When you first meet with an estate planning lawyer in Florida, you and your attorney will likely talk about creating a last will and testament. Wills are essential pieces of every estate plan, and give you some significant benefits. While your lawyer will give you detailed advice on what you need to do to create your will and the types of choices you will need to make when you do so, here are several tips you might want to keep in mind.
Tip 1. Consider your last will as one piece of a broader inheritance plan.
When people first go to talk to an estate planning attorney, they often go into the meeting with certain assumptions that may not be correct. One of these assumptions is the idea that you will only use your last will and testament to distribute inheritances. While this is correct, your tool will only be a single part of your overall inheritance plan. In fact, there are other tools you will likely create that you will probably use as the primary method through which you distribute inheritances.
Tip 2. Consider who will be around when you are not.
Another key part of creating a last will and testament is choosing someone to act as the executor of your estate. Your executor will have a lot of responsibility when it comes to managing your estate and making sure your wishes are carried out. Even though the executor will likely be advised by an experienced probate and estate planning lawyer, the executor will still need to be a responsible, capable person.
So, when you choose an executor in your last will and testament, you will want to make sure that you choose someone who will be there when the time comes to begin managing the estate. In other words, you should be prepared to choose someone who is young enough to still be capable when needed.

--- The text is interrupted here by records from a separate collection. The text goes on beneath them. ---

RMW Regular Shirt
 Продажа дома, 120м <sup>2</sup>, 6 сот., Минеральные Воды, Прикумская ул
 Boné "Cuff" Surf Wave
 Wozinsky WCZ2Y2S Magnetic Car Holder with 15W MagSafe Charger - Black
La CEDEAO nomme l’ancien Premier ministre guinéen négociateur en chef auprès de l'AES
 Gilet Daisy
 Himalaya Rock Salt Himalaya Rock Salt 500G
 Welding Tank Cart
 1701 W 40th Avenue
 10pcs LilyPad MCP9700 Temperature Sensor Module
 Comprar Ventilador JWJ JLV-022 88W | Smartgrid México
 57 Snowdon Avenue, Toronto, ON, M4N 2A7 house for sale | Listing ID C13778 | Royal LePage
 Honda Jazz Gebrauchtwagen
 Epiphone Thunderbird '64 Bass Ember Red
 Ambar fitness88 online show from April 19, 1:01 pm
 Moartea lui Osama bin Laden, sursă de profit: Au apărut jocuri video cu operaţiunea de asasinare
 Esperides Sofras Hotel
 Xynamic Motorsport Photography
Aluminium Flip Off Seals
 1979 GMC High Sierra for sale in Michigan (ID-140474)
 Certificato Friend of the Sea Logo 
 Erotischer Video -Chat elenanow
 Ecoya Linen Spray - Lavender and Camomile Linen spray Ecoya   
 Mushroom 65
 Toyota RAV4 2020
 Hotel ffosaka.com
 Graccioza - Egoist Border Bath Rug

Tip 3. Don’t presume that family will be the best choice.
Creating a will requires you to not only choose an executor, but, if you are a parent of a young child, you will also need to choose a guardian. When most people choose an executor or guardian, they typically choose someone in their family. Whether it’s a sibling, parent, or even more distant relative, choosing a family member to act in these positions of responsibility is a natural choice.
Though family choices are, in most circumstances, prudent, you shouldn’t automatically assume that only family will do. In some situations, you might want to look outside of the family when selecting a guardian or an executor. Matching the qualities you are looking for with the qualities of the person you are considering is essential whenever you choose someone to take on a position of responsibility.